> EXERCISE: Lines with "vintage" in them are to be located in the listing below and copied.

********

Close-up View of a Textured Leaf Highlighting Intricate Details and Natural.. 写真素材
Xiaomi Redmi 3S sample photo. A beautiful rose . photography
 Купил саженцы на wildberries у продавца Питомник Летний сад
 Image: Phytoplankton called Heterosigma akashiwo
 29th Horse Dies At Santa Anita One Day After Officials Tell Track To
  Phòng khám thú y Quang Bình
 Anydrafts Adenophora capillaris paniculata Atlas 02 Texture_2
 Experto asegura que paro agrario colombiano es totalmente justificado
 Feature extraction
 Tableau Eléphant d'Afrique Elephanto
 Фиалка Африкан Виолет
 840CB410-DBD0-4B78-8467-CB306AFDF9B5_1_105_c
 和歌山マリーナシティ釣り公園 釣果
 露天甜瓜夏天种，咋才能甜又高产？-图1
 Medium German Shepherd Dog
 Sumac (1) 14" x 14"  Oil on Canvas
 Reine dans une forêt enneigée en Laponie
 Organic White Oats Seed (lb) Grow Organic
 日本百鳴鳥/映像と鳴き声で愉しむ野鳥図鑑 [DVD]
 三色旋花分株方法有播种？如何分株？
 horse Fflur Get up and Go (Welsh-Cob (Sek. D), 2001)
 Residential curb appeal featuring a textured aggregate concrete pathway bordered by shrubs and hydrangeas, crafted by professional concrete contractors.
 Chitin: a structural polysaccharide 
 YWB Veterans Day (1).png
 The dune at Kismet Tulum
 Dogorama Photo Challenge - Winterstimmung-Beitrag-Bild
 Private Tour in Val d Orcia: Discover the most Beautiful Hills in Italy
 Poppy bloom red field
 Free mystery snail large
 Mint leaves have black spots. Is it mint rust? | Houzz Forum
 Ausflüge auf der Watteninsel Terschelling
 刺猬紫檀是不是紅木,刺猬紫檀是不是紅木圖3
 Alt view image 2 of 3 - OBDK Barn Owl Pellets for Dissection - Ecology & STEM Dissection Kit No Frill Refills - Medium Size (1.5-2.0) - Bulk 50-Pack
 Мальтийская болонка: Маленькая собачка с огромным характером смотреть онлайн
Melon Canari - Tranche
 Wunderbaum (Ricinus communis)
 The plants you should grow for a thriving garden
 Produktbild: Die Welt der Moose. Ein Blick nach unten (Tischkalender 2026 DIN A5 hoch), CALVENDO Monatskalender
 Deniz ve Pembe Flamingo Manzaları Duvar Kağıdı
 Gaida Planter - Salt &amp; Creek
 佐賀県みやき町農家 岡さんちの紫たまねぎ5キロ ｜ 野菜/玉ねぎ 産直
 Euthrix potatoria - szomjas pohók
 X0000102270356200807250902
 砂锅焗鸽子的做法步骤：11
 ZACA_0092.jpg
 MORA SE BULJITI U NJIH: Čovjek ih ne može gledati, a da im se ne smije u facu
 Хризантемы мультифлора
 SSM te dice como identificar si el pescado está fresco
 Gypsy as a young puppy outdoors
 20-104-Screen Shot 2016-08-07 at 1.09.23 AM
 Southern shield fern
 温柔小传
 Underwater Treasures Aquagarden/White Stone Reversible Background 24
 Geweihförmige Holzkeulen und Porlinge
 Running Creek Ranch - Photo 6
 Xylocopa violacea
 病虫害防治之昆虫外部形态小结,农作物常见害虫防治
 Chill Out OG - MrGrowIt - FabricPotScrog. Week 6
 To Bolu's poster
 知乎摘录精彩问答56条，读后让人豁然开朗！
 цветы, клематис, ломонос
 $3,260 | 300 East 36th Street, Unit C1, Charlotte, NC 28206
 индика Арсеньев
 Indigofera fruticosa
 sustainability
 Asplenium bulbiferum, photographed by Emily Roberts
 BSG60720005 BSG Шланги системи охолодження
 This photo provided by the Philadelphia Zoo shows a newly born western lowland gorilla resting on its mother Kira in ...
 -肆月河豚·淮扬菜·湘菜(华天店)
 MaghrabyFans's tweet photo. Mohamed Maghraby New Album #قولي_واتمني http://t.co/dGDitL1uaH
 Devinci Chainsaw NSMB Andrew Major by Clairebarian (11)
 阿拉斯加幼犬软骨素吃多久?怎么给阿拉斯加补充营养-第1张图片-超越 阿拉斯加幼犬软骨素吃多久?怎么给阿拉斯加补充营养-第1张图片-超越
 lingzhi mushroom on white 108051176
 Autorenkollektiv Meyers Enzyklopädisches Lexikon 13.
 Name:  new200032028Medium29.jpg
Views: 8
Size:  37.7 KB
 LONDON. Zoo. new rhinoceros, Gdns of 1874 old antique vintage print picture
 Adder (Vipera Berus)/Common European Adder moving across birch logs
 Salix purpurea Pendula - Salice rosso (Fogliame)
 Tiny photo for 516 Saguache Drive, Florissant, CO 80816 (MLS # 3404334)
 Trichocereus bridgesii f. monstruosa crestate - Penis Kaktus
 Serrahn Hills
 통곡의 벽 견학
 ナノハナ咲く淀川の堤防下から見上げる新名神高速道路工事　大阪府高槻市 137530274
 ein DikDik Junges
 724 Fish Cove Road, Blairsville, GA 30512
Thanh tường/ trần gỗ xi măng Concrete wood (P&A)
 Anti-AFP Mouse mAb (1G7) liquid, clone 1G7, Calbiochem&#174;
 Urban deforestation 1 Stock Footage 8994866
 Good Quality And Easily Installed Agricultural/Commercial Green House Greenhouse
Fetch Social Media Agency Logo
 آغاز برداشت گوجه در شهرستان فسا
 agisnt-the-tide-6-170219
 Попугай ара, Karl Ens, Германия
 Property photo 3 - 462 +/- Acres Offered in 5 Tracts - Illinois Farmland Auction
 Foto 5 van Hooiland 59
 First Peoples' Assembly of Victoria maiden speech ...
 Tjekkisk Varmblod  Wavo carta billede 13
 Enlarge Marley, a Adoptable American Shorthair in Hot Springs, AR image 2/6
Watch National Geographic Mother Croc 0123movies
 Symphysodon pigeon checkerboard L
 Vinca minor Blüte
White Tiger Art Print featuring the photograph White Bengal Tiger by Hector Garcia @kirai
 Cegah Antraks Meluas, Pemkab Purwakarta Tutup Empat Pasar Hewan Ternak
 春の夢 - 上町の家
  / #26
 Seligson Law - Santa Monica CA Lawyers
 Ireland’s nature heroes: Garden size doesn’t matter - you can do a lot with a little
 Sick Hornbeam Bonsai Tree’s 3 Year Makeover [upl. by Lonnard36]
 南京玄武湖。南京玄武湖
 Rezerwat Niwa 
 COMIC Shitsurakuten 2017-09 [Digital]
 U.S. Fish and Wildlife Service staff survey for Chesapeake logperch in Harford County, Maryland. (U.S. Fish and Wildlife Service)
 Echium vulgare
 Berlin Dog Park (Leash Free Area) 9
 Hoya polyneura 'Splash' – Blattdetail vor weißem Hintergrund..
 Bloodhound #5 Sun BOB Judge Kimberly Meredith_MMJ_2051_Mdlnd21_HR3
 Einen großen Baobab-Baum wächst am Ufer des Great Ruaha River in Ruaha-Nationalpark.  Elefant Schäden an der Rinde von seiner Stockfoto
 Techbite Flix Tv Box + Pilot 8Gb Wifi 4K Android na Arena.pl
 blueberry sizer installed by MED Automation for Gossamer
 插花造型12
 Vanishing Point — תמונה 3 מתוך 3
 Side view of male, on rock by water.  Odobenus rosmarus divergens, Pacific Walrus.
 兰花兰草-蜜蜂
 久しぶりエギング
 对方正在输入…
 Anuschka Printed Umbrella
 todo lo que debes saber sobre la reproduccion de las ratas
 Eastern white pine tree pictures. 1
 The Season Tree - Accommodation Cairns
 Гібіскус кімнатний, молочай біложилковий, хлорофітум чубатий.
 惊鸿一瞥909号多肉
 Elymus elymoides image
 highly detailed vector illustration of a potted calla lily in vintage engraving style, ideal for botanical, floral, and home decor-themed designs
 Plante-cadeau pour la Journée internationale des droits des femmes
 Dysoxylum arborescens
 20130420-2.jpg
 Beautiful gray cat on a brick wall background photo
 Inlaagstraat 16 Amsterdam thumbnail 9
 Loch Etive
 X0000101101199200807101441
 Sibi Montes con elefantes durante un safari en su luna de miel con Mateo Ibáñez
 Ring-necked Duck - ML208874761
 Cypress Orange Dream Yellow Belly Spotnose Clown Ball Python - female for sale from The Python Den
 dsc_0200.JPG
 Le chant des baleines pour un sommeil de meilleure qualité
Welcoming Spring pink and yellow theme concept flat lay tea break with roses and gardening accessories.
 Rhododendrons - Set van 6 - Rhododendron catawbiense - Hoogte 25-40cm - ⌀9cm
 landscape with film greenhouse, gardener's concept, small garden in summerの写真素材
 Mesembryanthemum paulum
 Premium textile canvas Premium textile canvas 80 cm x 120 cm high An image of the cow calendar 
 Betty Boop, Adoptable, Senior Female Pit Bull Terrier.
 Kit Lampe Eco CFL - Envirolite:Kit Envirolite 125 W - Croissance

********

> COMPLETED TASK:
 LONDON. Zoo. new rhinoceros, Gdns of 1874 old antique vintage print picture
 highly detailed vector illustration of a potted calla lily in vintage engraving style, ideal for botanical, floral, and home decor-themed designs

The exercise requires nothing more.